The Man in the Moon’s bloodthirsty children forged from his scorn.
Shifters.
Mother Nature’s fearless, noble servants, who risk death by bite in their constant struggle to keep the vampires at bay.
Macy’s entire life has been devoted to Mother Nature and upholding her glory, despite Macy’s incompetence as a shifter. When she’s bitten by a vampire but doesn’t die from the venom, everything changes. Overnight, she becomes one of the monsters she reviled. Severed from her girlfriend, her people, her home, and her faith, everything is called into question.
And then the Man in the Moon whispers about something even more terrible lurking on the horizon.
My review: Just when I thought there couldn’t possibly be a new take on the YA vampire novel, along comes Tooth and Claw to flip the script.
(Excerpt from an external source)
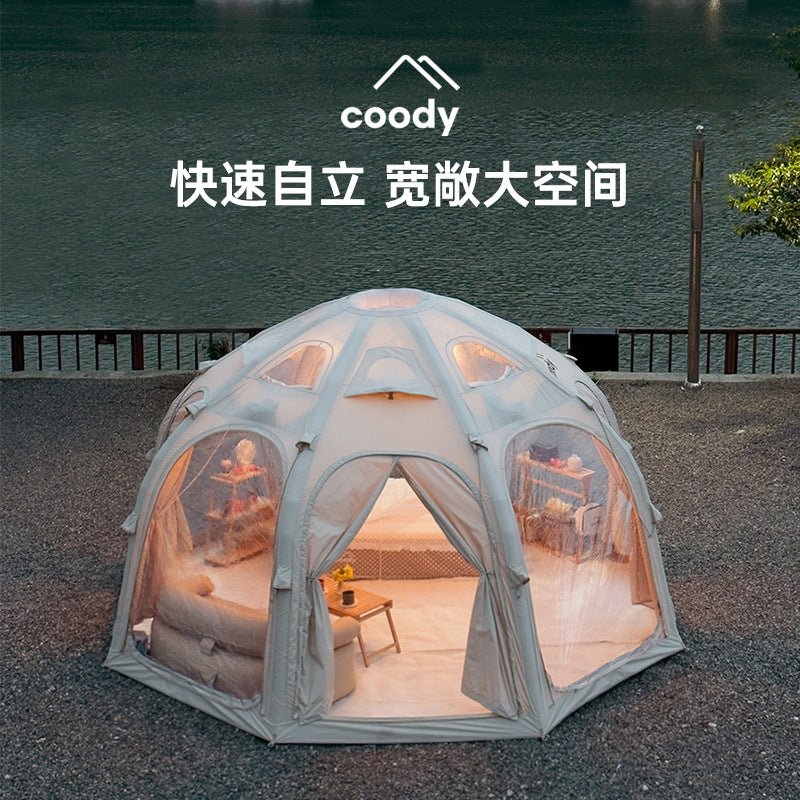 Junxin outdoor camping inflatable tent Coody cotton starry sky car tail ball tent canopy tent 3-5 people rainproof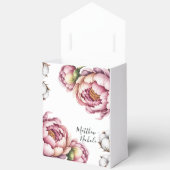 Blush Pink and White Cotton Wedding  Bedankdoosjes (Open)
For one thing, it’s not a romance, though there is love. This is a thriller driven by every human emotion, though humans barely appear in the story. This is a tale of justice deferred, with potentially world-ending consequences: timeless, yet perfectly of our times.
Macy is a young wolf shifter about to take the examination that will determine her place in the pack. Her prior attempts went poorly. If she fails a third time, she will be stuck as a lowly omega, separated from her beta girlfriend and an embarrassment to her parents. She’s feeling anxious and useless, and then she’s bitten by a vampire. Everyone knows shifters can’t be turned, so she resigns herself to death. When she regains consciousness as a vampire in a walled vampire coven far from home, she’s not thrilled to be alive. Vampires are the hated enemy that shifters were created to control. How can she be one? Gradually, she makes friends with other young vampires who have their own harrowing stories. Macy begins to question everything she was taught about evil vampires and virtuous shifters as she learns about centuries of cruel domination … and experiences it herself. Then she discovers she is the second of two Prophets. Her annoying new friend Nico is the other, and they are both having dire visions. They will have to work together (with each other, and with other vampires and shifters) to defeat a radicalized rogue vampire and his Wormwood League before he can complete the ritual to bring about the end of the world.
Throughout the page-turner of a story, Thorn paints her scenes with beautiful descriptive language—unusual in a thriller, but understandable when you know she’s also an artist. She also did a lovely job developing the mythologies of the shifter and vampire cultures, the former revolving around Mother Nature and the latter around the Man in the Moon. Shifters can not only transform to wolves, but are born with a Marrow Mark that is more than decorative—it becomes a magical weapon when the shifter makes contact with their Grounding, an ancient shifter spirit residing within but only reachable with effort. Magic is hard won in this world. Macy’s frustration with it is relatable, as is the tale of domination leading to uprising. May we humans learn something from the monsters.
I received an advance review copy of this book from the publisher.